Consumerism and minimalism are related. Minimalism is also evidenced in a rejection of theological reflection.
Minimalism and Theological Reflection
I first studied theology at Welch College. During those early days of Dr. Hester’s systematic theology or Christian Philosophy courses I just wanted to get to the “practical” concern of ministry. Who cares about the ontological properties of a table? I actually viewed theological studies as a waste of my time during those early undergraduate years.
Eventually God led me to repent and reframe my understanding of the value of serious theological, philosophical, and hermeneutical engagement. I am grateful the Father’s work of grace in me has produced a greater desire to know God by engaging my total personality.
I was raised in North Alabama. I came to Christ through the faithfulness of my local church. I appreciate the biblical foundation I received as a result of my environment during my early teen years. I do not look down on my family nor the many people who had a definite role in forming me into the person I am today. I actually think we can all learn from the simplicity of my rural upbringings.

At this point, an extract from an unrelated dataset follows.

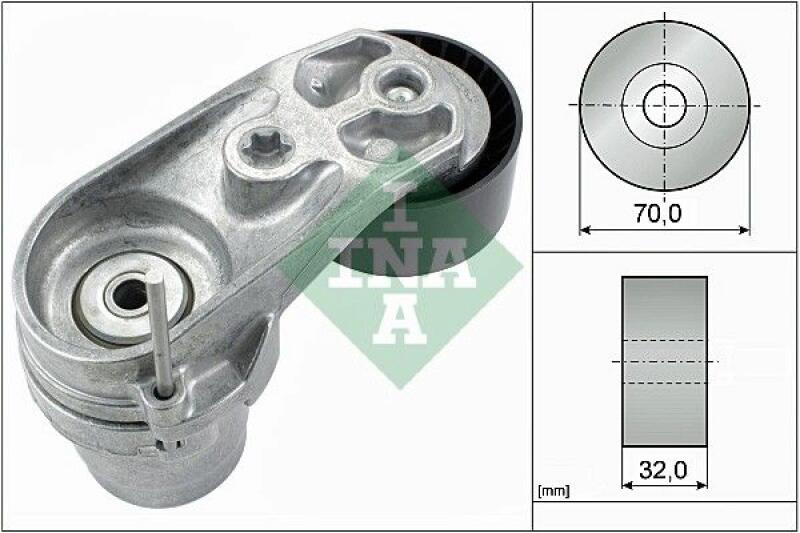 Bild von Ina Spannarm f?r Keilrippenriemen BMW 1er 2er 3er 4er 5er 6er 7er X3 X4 X5 X6 3,0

Even so, somewhere along the way I began to adopt a minimalistic attitude toward theology. Prior to my enrollment at Welch, tehology was almost viewed like a curse word.
That experience is not uncommon among small churches. What gets considered as “good preaching” is not always preaching based on careful exegesis and in-depth reflection on things like hermeneuctics, textual criticisim, and issues of canonicity. Sadly, what is considered “good preaching” is based on the emotions and charismatic ability to communicate with people.
People want a sermon that will just “bless them”. People would rather be entertained in a worship service and settle for the minimum rather than going deeper into the things of God. I do not say these things as an indictment against my congregation or any others in the theological tradition I am privileged to serve. My intention is to point out that most people settle for surface level preaching and doctrinal engagement. That follows from a minimalistic attitude. God is calling us to more, brothers and sisters. That has implications on the ways we serve in ministry as well as how we live out our own faith.